(What is needed) Given these entries, repeat exactly the lines starting with the one that has "Imagen vertical de" and going on through the one that has "a bedroom with", both included, but none of the pictures.

(The data)
┄┄┄┄┄┄

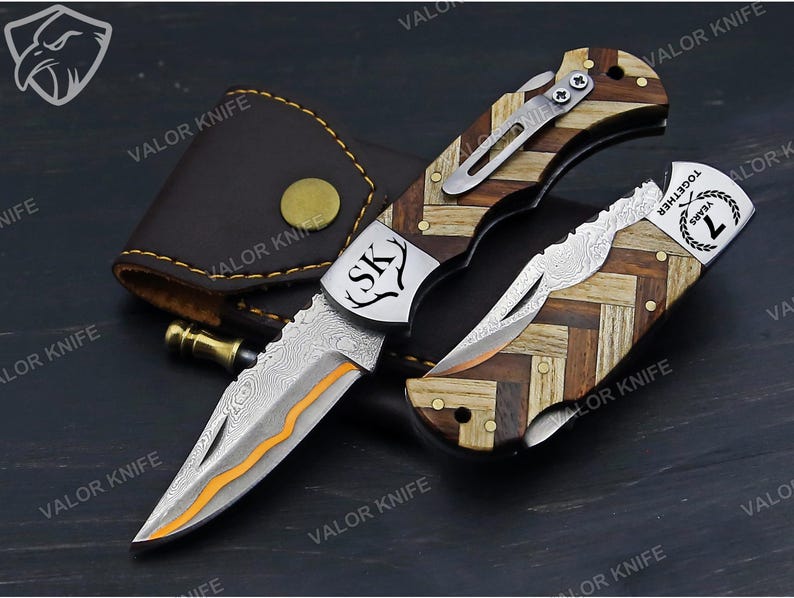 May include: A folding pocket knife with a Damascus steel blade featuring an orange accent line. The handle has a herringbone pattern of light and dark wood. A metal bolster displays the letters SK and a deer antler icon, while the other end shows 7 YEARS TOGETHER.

┄┄┄┄┄┄

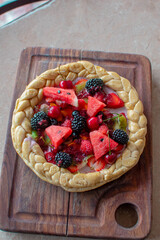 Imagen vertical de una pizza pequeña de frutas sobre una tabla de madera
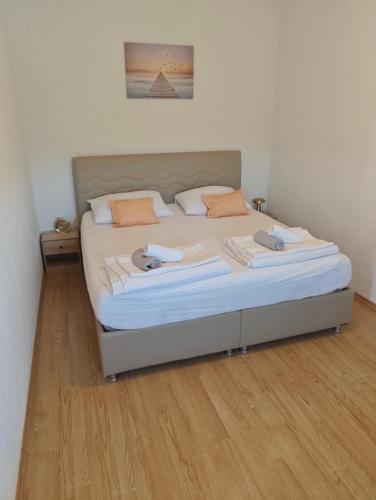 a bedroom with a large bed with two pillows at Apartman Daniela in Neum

┄┄┄┄┄┄

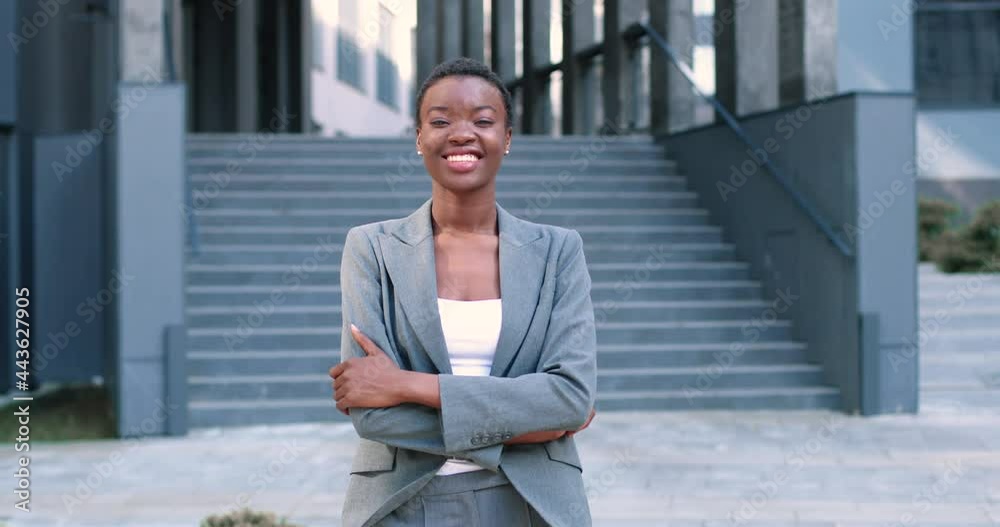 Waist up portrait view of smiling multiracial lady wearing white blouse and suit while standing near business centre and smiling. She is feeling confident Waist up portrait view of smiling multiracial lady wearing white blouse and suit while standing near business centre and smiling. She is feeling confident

┄┄┄┄┄┄

(Exercise output)
 Imagen vertical de una pizza pequeña de frutas sobre una tabla de madera
 a bedroom with a large bed with two pillows at Apartman Daniela in Neum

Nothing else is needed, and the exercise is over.